[EXERCISE REQUIREMENTS] Repeat only the lines running from the beginning of the material through the line that contains "a bedroom with a large bed".

EXCERPTED RECORDS Block Start

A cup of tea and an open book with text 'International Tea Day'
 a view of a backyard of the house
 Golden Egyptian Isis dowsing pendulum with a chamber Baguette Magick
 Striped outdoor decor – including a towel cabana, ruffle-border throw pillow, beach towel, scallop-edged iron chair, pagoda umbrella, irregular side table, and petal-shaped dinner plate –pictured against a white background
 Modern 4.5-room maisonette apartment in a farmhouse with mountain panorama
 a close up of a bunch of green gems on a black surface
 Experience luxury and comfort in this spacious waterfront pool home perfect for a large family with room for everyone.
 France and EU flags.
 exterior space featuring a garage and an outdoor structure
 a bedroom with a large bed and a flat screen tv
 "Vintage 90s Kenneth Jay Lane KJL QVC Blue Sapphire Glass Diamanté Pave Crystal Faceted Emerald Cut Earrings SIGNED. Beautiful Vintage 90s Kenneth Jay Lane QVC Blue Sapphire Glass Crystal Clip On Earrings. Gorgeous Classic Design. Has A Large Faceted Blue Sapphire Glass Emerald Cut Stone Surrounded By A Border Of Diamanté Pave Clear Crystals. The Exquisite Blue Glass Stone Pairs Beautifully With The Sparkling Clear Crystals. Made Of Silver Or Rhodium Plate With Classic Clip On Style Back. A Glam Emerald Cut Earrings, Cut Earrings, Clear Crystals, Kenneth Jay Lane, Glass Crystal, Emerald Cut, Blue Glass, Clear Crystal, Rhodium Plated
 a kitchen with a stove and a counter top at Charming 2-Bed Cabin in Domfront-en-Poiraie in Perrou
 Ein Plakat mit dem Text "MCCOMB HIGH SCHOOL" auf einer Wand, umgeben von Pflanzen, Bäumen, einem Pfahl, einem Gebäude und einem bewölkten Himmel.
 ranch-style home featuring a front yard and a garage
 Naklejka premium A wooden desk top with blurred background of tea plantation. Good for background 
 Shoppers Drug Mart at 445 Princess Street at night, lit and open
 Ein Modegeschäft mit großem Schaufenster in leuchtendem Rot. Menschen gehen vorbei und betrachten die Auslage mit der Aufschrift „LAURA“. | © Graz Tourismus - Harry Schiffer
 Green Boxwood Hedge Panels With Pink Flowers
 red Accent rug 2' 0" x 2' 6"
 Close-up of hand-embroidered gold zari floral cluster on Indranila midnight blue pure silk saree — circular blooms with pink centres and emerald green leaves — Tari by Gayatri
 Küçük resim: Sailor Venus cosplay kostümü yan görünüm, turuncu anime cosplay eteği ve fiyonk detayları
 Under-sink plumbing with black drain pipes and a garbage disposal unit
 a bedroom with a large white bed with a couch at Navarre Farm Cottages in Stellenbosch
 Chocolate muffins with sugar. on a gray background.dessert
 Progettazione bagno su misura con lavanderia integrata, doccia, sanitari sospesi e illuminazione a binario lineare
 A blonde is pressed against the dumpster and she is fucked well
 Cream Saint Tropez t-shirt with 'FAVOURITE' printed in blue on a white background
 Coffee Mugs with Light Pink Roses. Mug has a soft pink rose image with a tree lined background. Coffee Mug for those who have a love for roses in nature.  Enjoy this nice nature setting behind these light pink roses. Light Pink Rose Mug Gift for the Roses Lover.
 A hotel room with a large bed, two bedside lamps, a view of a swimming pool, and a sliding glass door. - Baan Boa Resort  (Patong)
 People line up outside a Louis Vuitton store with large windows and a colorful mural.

EXCERPTED RECORDS Block End

[WORKED SOLUTION]
A cup of tea and an open book with text 'International Tea Day'
 a view of a backyard of the house
 Golden Egyptian Isis dowsing pendulum with a chamber Baguette Magick
 Striped outdoor decor – including a towel cabana, ruffle-border throw pillow, beach towel, scallop-edged iron chair, pagoda umbrella, irregular side table, and petal-shaped dinner plate –pictured against a white background
 Modern 4.5-room maisonette apartment in a farmhouse with mountain panorama
 a close up of a bunch of green gems on a black surface
 Experience luxury and comfort in this spacious waterfront pool home perfect for a large family with room for everyone.
 France and EU flags.
 exterior space featuring a garage and an outdoor structure
 a bedroom with a large bed and a flat screen tv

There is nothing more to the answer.